Hay un capítulo en The Crown, la serie que cuenta la vida de la reina de Inglaterra, en el que su marido, el príncipe de Edimburgo, consigue convencer a la vetusta estructura de palacio para dejar entrar por primera vez a la televisión. Parece anecdótico, pero en realidad es un punto fundamental de la trama. Toda la historia de esa monarquía que nos están mostrando mientras atraviesa el siglo XX es el tira y afloja entre un viejo y un nuevo modo de hacer las cosas: entre el misterio y la farándula. Si la legitimidad de los reyes siempre había venido de un oscurantismo bañado en tradición, los nuevos tiempos abrieron la posibilidad de que la campechanía fuera mejor herramienta.
La naturaleza y la situación de la casa real británica y la española son distintas por muchos motivos, y ese es uno: aquí se ha optado con claridad por la segunda opción. El papel cuché y las polémicas de ocasión son importantes porque sobreviven a los escándalos y a los titulares pasajeros: mientras se debate sobre la forma, el fondo queda sin tocar. Hay algo en lo que todas las monarquías se parecen, más allá de sus diferentes estrategias, y en eso el mantra de Isabel II en la serie aplica también aquí: “la Corona siempre debe ganar”. Más allá de las personas que parezcan quedar por el camino, más allá de las aparentes concesiones momentáneas, lo que importa es salvar a la institución.

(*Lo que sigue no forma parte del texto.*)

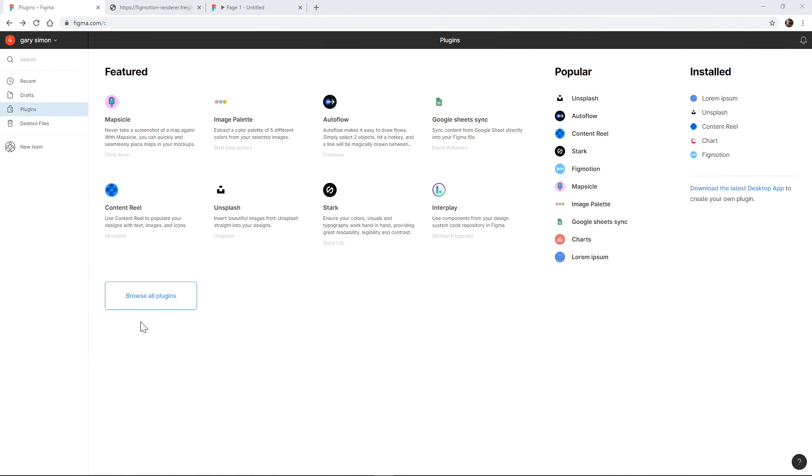Hey everyone, Gary Simon of Desandro.com. Today we are checking out Figma, specifically their new plugins. I've always thought that in order for Figma to compete with Adobe XD, they had to also offer plugins, and just a few days ago on August 1st they gave us that ability. There are already quite a few — looks like just under a hundred so far.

Hay quien dice que no es momento de hablar de esto. Que hay cosas más urgentes: arreglar nuestras vidas, básicamente. Lo que pasa es que las cosas tienden a entrelazar sus raíces como plantas de una densa jungla. Si esa institución sigue firme, incólume ante los embates de su propia torpeza o maldad, es porque ese sistema de raíces es intrincado como los que vemos a veces al intentar arrancar una mala hierba. En él se enredan las grandes fortunas, el establishment político, los principales medios. Por eso la Corona siempre debe ganar. Por eso siempre perdemos los mismos.

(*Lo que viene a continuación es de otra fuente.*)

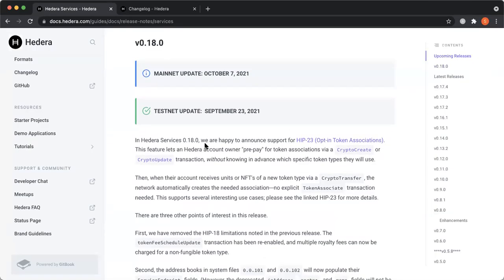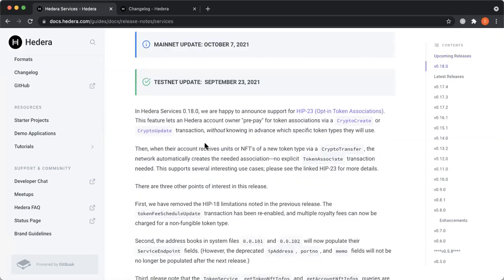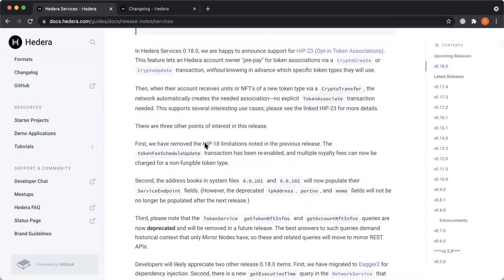Thanks Brady. Hey everyone, hope everyone's having a great Monday. We'll chat a little bit about the 0.18 Hedera Services release. We just had our testnet update last Thursday on September 23rd. In this release we included support for HIP-23, which is token auto-associations. In summary, this feature allows you to auto-associate tokens — previously you would have to associate a token and then transfer it to an account. With this feature, you're able to transfer those tokens without having to go through that specific process.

Sí, sí que es el momento de hablar de esto. Un momento excelente. Porque se nos ha puesto patas arriba todo y decimos que todo lo estamos repensando. Porque los millones que faltan en un sitio tienden a estar en otro, y nuestras cotidianeidades hechas trizas son el reverso tenebroso del alegre paseo de los reyes por la playa. Por democracia. Por decencia. Por el siglo en el que estamos. Porque al tirar de esta hierba va a salir, enredado raíz con raíz, mucho de lo que explica lo que nos pasa.
Buen artículo.
Coincido con Eugenia en el comentario.
En este país, hoy día, se traga todo lo que te quiera echar el sistema establecido.
La mayoría de la gente se «informa» por la tele, por periódicos conservadores, las revistas del corazón, que pintan tan guapos por dentro y por fuera a los reyes, se venden más que los periódicos.
Y cada día parecemos más atontaos…. Algo raro está pasando.
Excelente y claro artículo que pone de manifiesto lo que es la monarquía, de la cual España ya se había despedido y que Franco decidió como sucesora y la transición la dotó de la divinidad que hoy la protege. ¿Y la democracia, dónde está?